No prosecutions for rigged bonds, money laundering for Mexican drug cartels ($881 billion) or, insider trading. Instead, gutting the 1933 Glass–Stiegel Act’s “regulating interest rates, establishing deposit insurance, and erected a wall between commercial and investment banking … (no) non-banking activities like securities and insurance.” Precipitated by Republican Phil Gramm in 1999.

The Obamanator’s role? “It was all a lie – one of the biggest and most elaborate falsehoods ever sold to the American people. We were told that the taxpayer was stepping in – only temporarily, mind you – to prop up the economy and save the world from financial catastrophe. What we actually ended up doing was the exact opposite … The big got even bigger.”

The Wall Street Journal adds, “Obama told the country that the legislation would ‘lift our economy’ … it would ‘end too big to fail’ and ‘promote financial stability’. None of that has come to pass … Big banks are bigger, small banks are fewer, and the financial system is less stable. Meanwhile, the economy remains in the doldrums.”
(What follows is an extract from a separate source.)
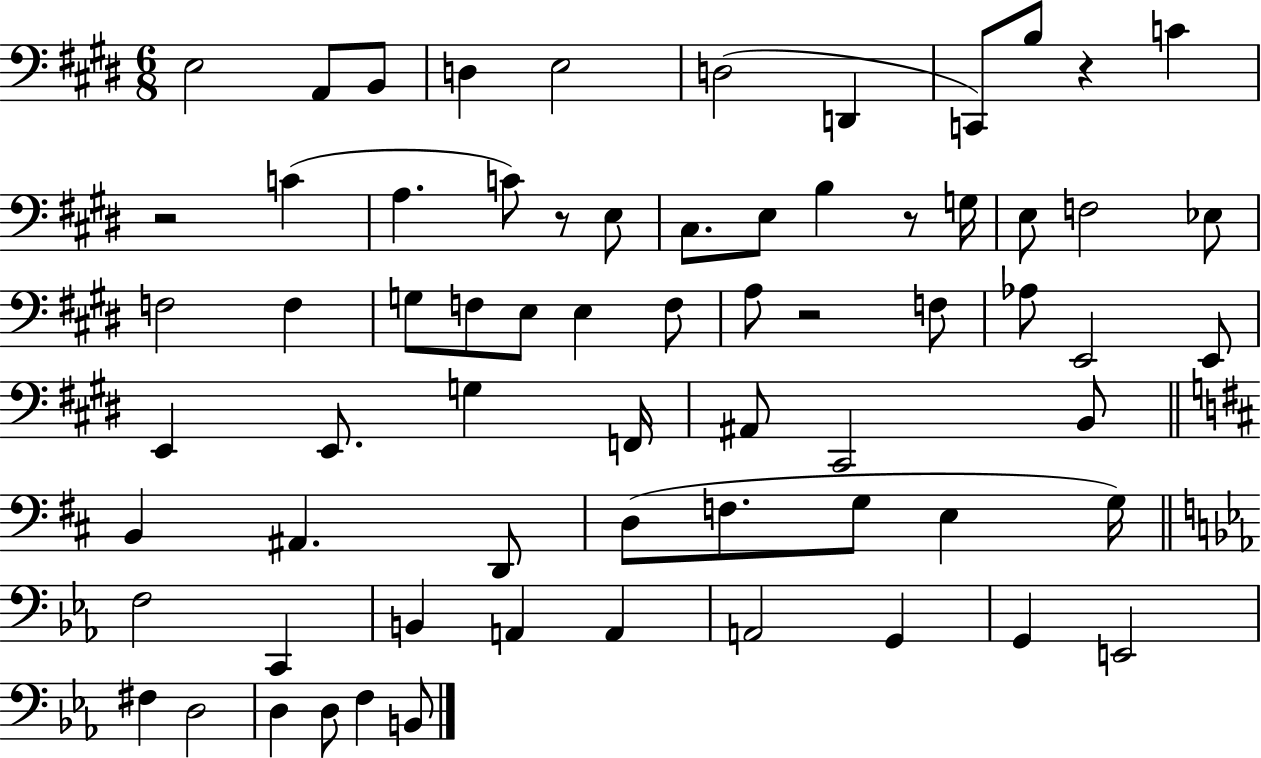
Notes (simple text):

E3/h A2/e B2/e D3/q E3/h D3/h D2/q C2/e B3/e R/q C4/q R/h C4/q A3/q. C4/e R/e E3/e C#3/e. E3/e B3/q R/e G3/s E3/e F3/h Eb3/e F3/h F3/q G3/e F3/e E3/e E3/q F3/e A3/e R/h F3/e Ab3/e E2/h E2/e E2/q E2/e. G3/q F2/s A#2/e C#2/h B2/e B2/q A#2/q. D2/e D3/e F3/e. G3/e E3/q G3/s F3/h C2/q B2/q A2/q A2/q A2/h G2/q G2/q E2/h F#3/q D3/h D3/q D3/e F3/q B2/e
Essentially DF is based on the erroneous premise that the 2007 economic collapse was based on deregulation, “regulatory restrictions on financial services grew every year between 1999-2008 … it was dumb regulation.” In typical, inept Washingtonian style, DF didn’t hurt Wall Street, it nailed every hometown Main Street. “Community financial institutions, which make the bulk of small business loans, are overwhelmed by the law’s complexity. Government figures indicate that the country is losing on average one community bank or credit union a day.”

“What is most disturbing about Dodd-Frank is the authority it gives bureaucrats to control huge swaths of the economy. The director of the Consumer Financial Protection Bureau, an agency created by Dodd-Frank, can declare any consumer-credit product ‘unfair’ or ‘abusive’ and outlaw it … Dodd-Frank requires courts to grant the bureau deference regarding its interpretation of federal consumer-financial law.”

“Before Dodd-Frank’s passage, former Sen. Chris Dodd (D-Conn.) said that ‘no one will know until this is actually in place how it works.’ Today we know. The law he co-wrote with former Rep. Barney Frank (D-Mass) is gradually turning America’s largest financial institutions into functional utilities and taking the power to allocate capital — the lifeblood of the U.S. economy — away from the free market and delivering it to political actors in Washington.”

The burden to you? The number of community banks has fallen by 40 percent, their share of banking assets declined from 41 percent to 18 percent, the Federal Reserve has kept its rates artificially low to shore up the dead economy, no more free checking, large banking fees are up, home ownership is the worst it’s been since 1965, savings account interest rates are abysmal, and new business starts have dropped almost 28 percent since 1977.

In other words, the economy has not recovered to any measurable extent in the last eight years. And, at the end of the day, DF has exacerbated the situation by allowing the “too big to fail banks” to get even bigger, and failier and, we’ve mortgaged our children’s future with this banking welfare which served no real purpose. Who knew intellectuals were dangerous?

Pat Merriman is the Dunn County State Attorney. He is a photographer and also officiates high school and college athletics events in the area.